Our work in Liberia

The fragile economy of Liberia, devastated by the civil war, could not recover due to the Ebola crisis. 500,000 children are no longer going to school and another 500,000 are at risk of dropping out soon. Moreover, only 36% of girls can read compared to 63% for boys. Therefore, it is urgent to improve the situation in the country where gender equality is the lowest in the world (UNDP, 2015).


Our projects

Street Child Switzerland has been working together with its local sister organization Street Child of Liberia (SCoL) since 2013. We manage various projects with the common goal of making education accessible to everyone. We started first in Monrovia, and then expanded our actions to remote areas such as Maryland County, one of the poorest regions in the country.

Liberia quality education

Quality education

Since September 2016, Street Child of Liberia has been working with the Liberian Ministry of Education to improve education quality in government schools. Street Child's plan is based on 4 axes: school management, teacher training, the attendance of teachers and pupils and parents' involvement in the learning process.

Street Child of Liberia also started a new accelerated learning program in February 2017. 750 children aged 8 to 12 participated for a period of 6 months. The aim of this program is to successfully bring these children back to a government school.

Education Liberia

child protection

Street Child provides psychosocial support to street-bound children to make sure that these children don’t have to fend for themselves anymore. Our social workers look for a relative or a foster family who can take care of them. 

Street Child supports these children through school fairs and the distribution of school materials such as uniforms, books, shoes and bags. Then, the social workers regularly visit schools to check the attendance and progress of the children.

During the Ebola crisis, Street Child social workers provided support to traumatized orphans and implemented the so-called "Streetcorner education" to street children.

 

Families in Liberia

Families

We support families through the Family Business Scheme for a long term impact. They receive a scholarship and training to set up and run a business. The aim of this program is to see parents/caregivers cover the costs of education themselves thanks to their business profit. 

In July 2016, a specialized Street Child research team interviewed more than a thousand young women about the obstacles to education. Teenage pregnancy, early marriages and cultural beliefs were mentioned, but the biggest obstacle turned out to be poverty.

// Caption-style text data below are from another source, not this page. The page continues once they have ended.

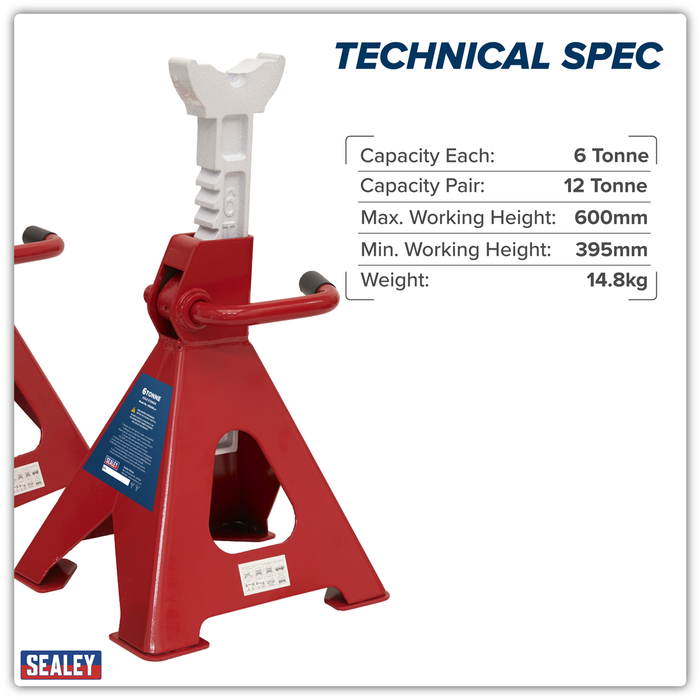 Ratchet Type Axle Stands (Pair) 6 Tonne Capacity per Stand | VS2006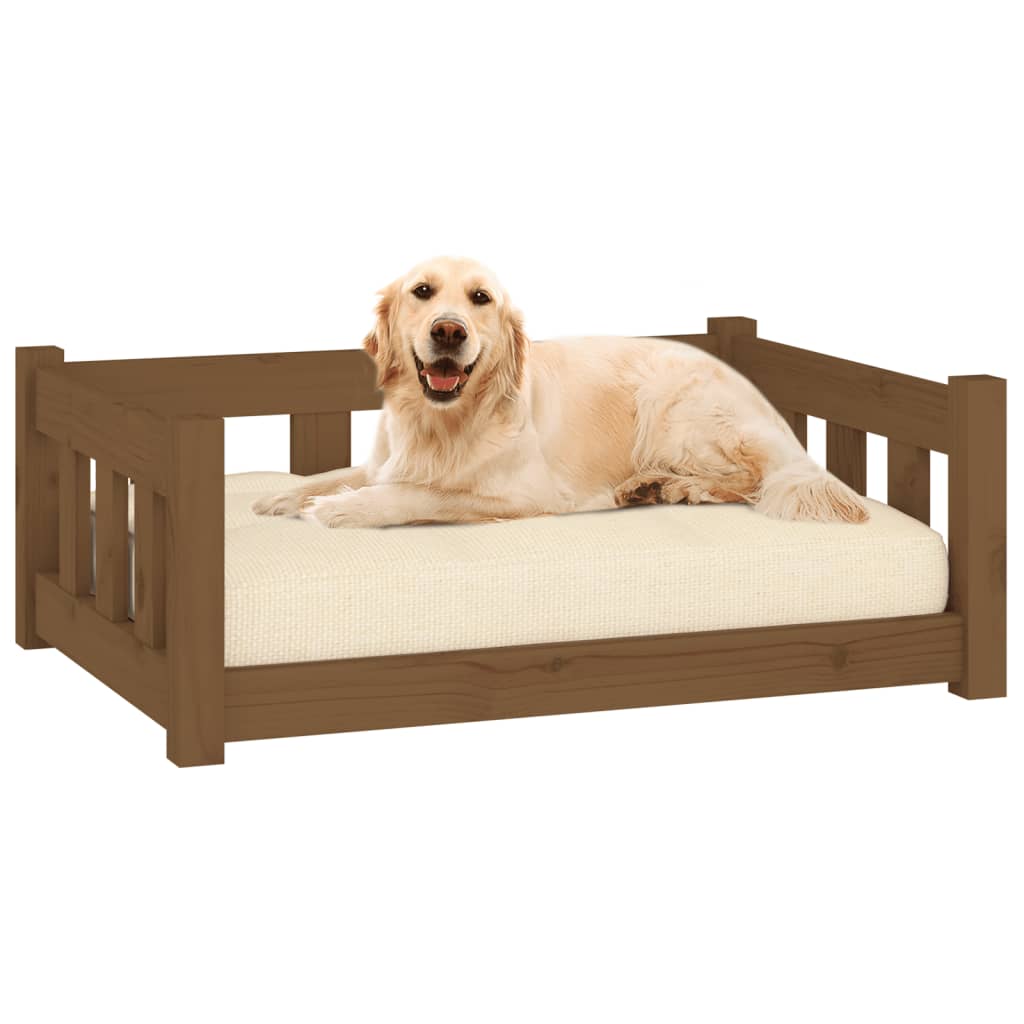 Cama para cães75,5x55,5x28cm madeirade pinho maciça castanhomel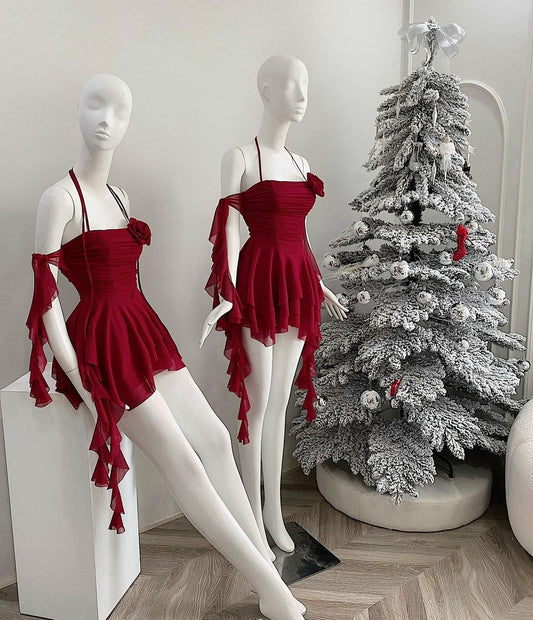 Cute Sheath Halter Burgundy Ruffles Homecoming Dress Short Birthday Outfits C2018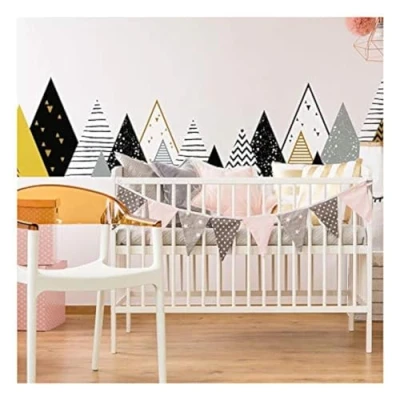 Image of Ambiance Stickers Scandinavian Chapka Mountains Wall Decals, DIY Home Decor, Peel and Stick Removable Stickers, Waterproof Self Adhesive Art H65 x L240 CM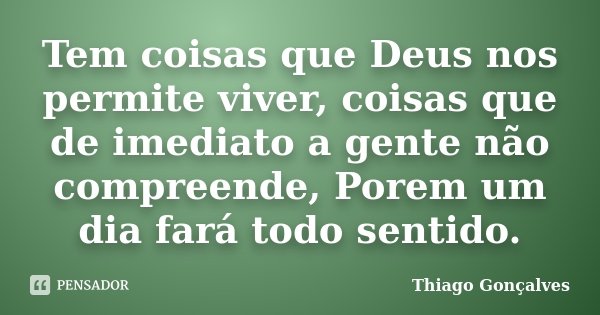 Tem coisas que Deus nos permite viver, coisas que de imediato a gente não compreende, Porem um dia fará todo sentido.... Frase de Thiago Gonçalves.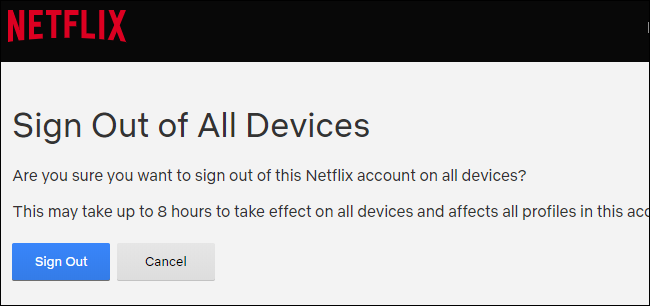 Confirmando o logout de todos os dispositivos Netflix conectados.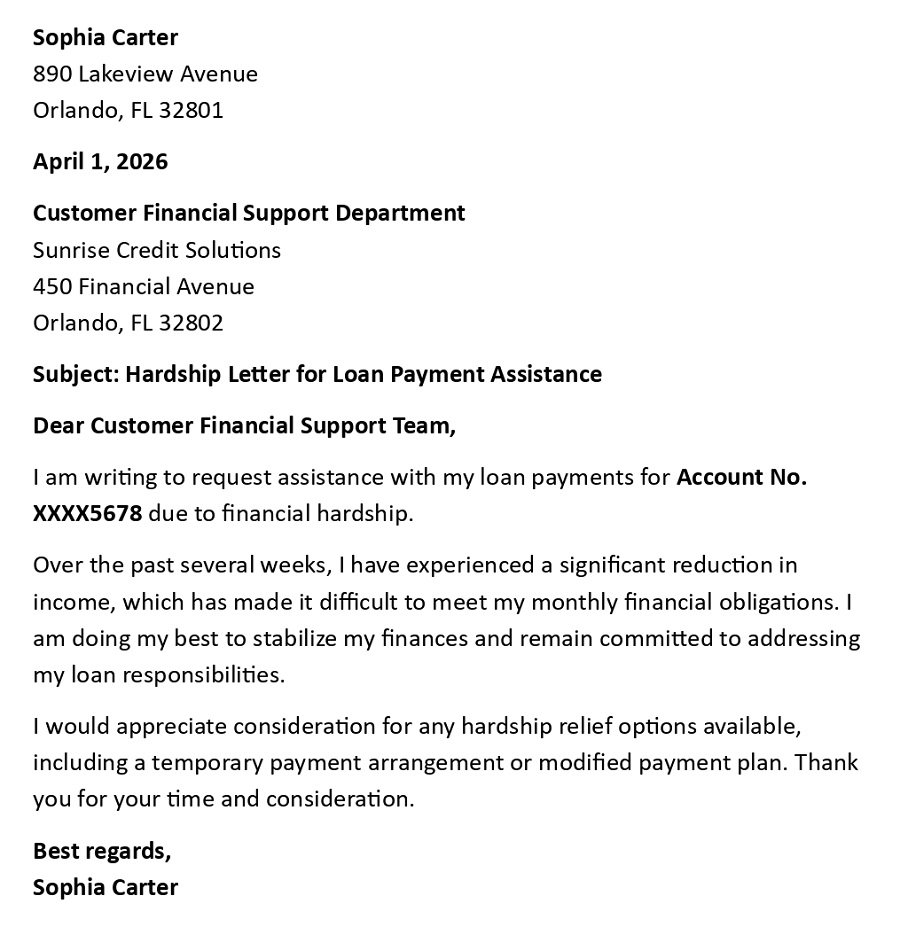 Hardship Letter for Loan Payment Assistance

In 2016, Street Child of Liberia started a three-year program for a thousand girls and their families in Montserrado, Grand Capa Mount and Margibi.


Teacher in Africa

BENEDICT, THE TEACHER COMMITTED TO TRANSFORMING LIVES

Benedict was a volunteer teacher at Borlorla School for over seven years despite a three-hour journey to school every day.

Street Child began helping the school in 2016, giving teachers like Benedict extra training and supporting them onto government payroll. Street Child’s involvement in the school has been so successful so far, that attendance has skyrocketed from one hundred and fifty students to over four hundred, despite the one to two-hour average walk for most children! To help with this huge increase in students, Street Child is now working closely with the community to build extra classrooms and provide learning materials. 

Social worker in Africa

ESTHER, THE SOCIAL WORKER CHAMPIONING GIRLS' EDUCATION

'I want to help other mothers, to be a role model. Working with these girls, I found my passion for social work.'

Street Child social worker and mother of two Esther Harris works with mothers and girls to help give them a chance to go to school. Esther has overcome the challenges life has thrown at her, including having to drop out of school for a short amount of time because of poverty, and is helping to open up opportunities for other mothers to not only better their own lives, but also their children’s.